The soundtrack of the film, titled The Polar Express: Original Motion Picture Soundtrack, was released on November 2, 2004 by Reprise Records, Warner Music Group and Warner Sunset Records. The song, "Believe", written by Glen Ballard and Alan Silvestri, was nominated for Best Original Song at the 77th Academy Awards. It was sung at the 77th Academy Awards show by original performer Josh Groban with Beyoncé. It gained a Grammy Award in 2006.

The album was certified Gold by the RIAA in November 2007. Having sold 724,000 copies in the United States, it is the best-selling film soundtrack/holiday album hybrid since Nielsen SoundScan started tracking music sales in 1991.

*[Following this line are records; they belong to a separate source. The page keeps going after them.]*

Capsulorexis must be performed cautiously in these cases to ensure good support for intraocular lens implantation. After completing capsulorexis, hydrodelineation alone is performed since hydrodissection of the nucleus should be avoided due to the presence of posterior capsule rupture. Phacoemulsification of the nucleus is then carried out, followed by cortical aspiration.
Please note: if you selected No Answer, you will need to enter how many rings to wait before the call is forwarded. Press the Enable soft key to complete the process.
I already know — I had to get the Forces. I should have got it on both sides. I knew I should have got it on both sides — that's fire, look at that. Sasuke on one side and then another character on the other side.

Most of the original orchestral score featured in the film was not released on the soundtrack and has never been released. The soundtrack mostly comprises only songs featured in the film. A limited number of promotional "For Your Consideration" CDs, intended to showcase the film's score to reviewers of the film, were released in 2005. This CD contained nearly the complete score, but none of the film's songs. Various bootleg versions of the soundtrack, combining both the official soundtrack album and the orchestral-only CD, have since surfaced.

Architecture

The buildings at the North Pole refer to a number of buildings related to American railroading history.  The buildings in the square at the city's center are loosely based on the Pullman Factory in Chicago's Pullman neighborhood.

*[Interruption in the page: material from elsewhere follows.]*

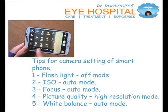Tips for camera settings of smartphone: flashlight should be off, ISO on auto mode, focus on auto mode, picture quality should be on high resolution mode, and white balance should be on auto mode.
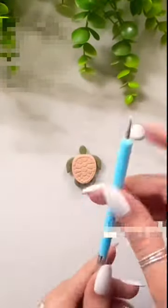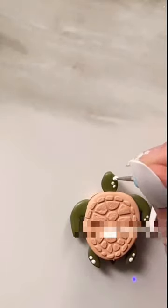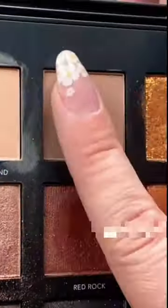I'm taking some white paint and just going to create a little bit of detail on his legs and on his head. Oh, he's so itty bitty and cute!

The Polar Express Locomotive

The locomotive featured in the film is an American 2-8-4 Berkshire type steam locomotive modeled after the Pere Marquette 1225, which had spent many years on static display near Spartan Stadium in East Lansing, Michigan on the campus of Michigan State University, where Chris Van Allsburg recalled playing on the engine when attending football games as a child. The engine in the movie, however, has noticeable differences from the real Pere Marquette 1225, and looks somewhat like an S-1 from the Erie Railroad. These include the headlight being mounted inside the smokebox, like many Delaware & Hudson steam locomotives, instead of being on a platform or on the pilot. The whistle is mounted on the upper right hand side of the boiler positioned upright, instead of on top of the boiler, positioned horizontally. It also lacks the feedwater heater, marker lights, number boards, and builders plates the real Pere Marquette 1225 has. The cow catcher is also bigger than it is in real life, with slats extending to the pilot beam, and it also lacks a front coupler.

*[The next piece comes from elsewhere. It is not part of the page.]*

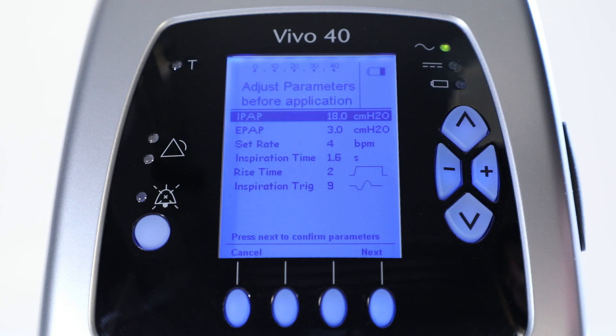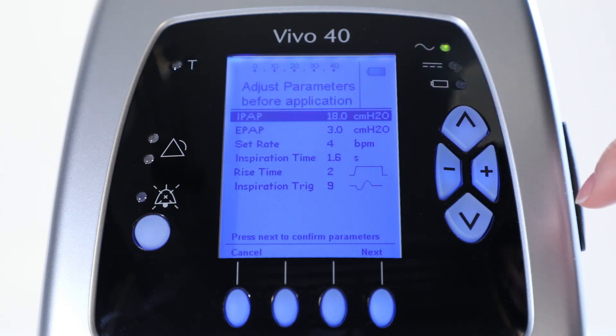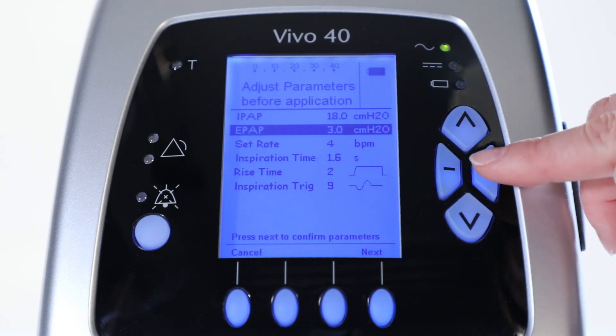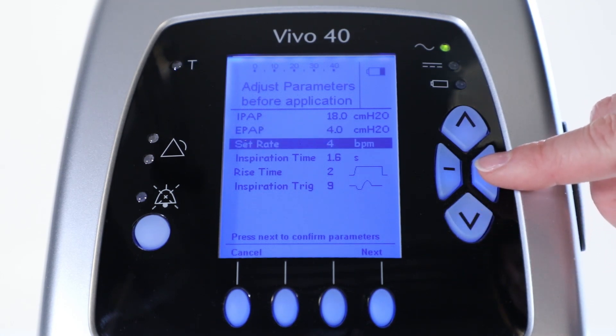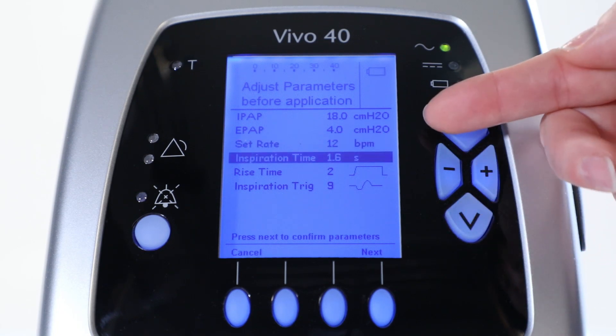First, you select a certain pressure you want to deliver to the patient. In this case we have chosen 18 centimeters of water. Next, you select the EPAP and adjust it to 4 centimeters of water. Furthermore, you select the set rate and adjust it to 12 breaths per minute. You set inspiration time at 1.6 seconds.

In July 2002, Warner Bros. approached the locomotive's owner, the Steam Railroading Institute, to study the engine. The engine in the film is modeled from the PM No. 1225's drawings and the sounds from recordings made of the 1225 operating under steam.

Marketing

Video game

A video game based on the film was released on November 2, 2004 for GameCube, Game Boy Advance, PlayStation 2 and Windows, developed by Blue Tongue Entertainment and published by THQ. The plot of the game is somewhat different than the film version. Within the game, the Ebenezer Scrooge puppet—who is set as the main antagonist of the game—attempts to prevent the children from believing in Santa Claus by stealing their tickets and trying to prevent the children from making it to the North Pole.

Toy trains
Model railroad builder Lionel continues to make Polar Express train sets and equipment, including locomotives, traincars, and trackside buildings.

Train trips

The film has also spawned multiple real-world holiday train-travel experiences based loosely on the film's train journey all over the United States, as well as Canada, and even the United Kingdom under license from Rail Events Inc.
 
These include the Polar Express train ride held at the Grand Canyon Railway, the Polar Express Train Ride of the Great Smoky Mountains Railroad, the Polar Express Train Ride of the Texas State Railroad, The Polar Express Train Ride in Whippany, New Jersey, and The Polar Express Train Ride at Aspen Crossing.  The Pere Marquette 1225 itself pulls a similarly-themed Christmas train, albeit under the name of the North Pole Express.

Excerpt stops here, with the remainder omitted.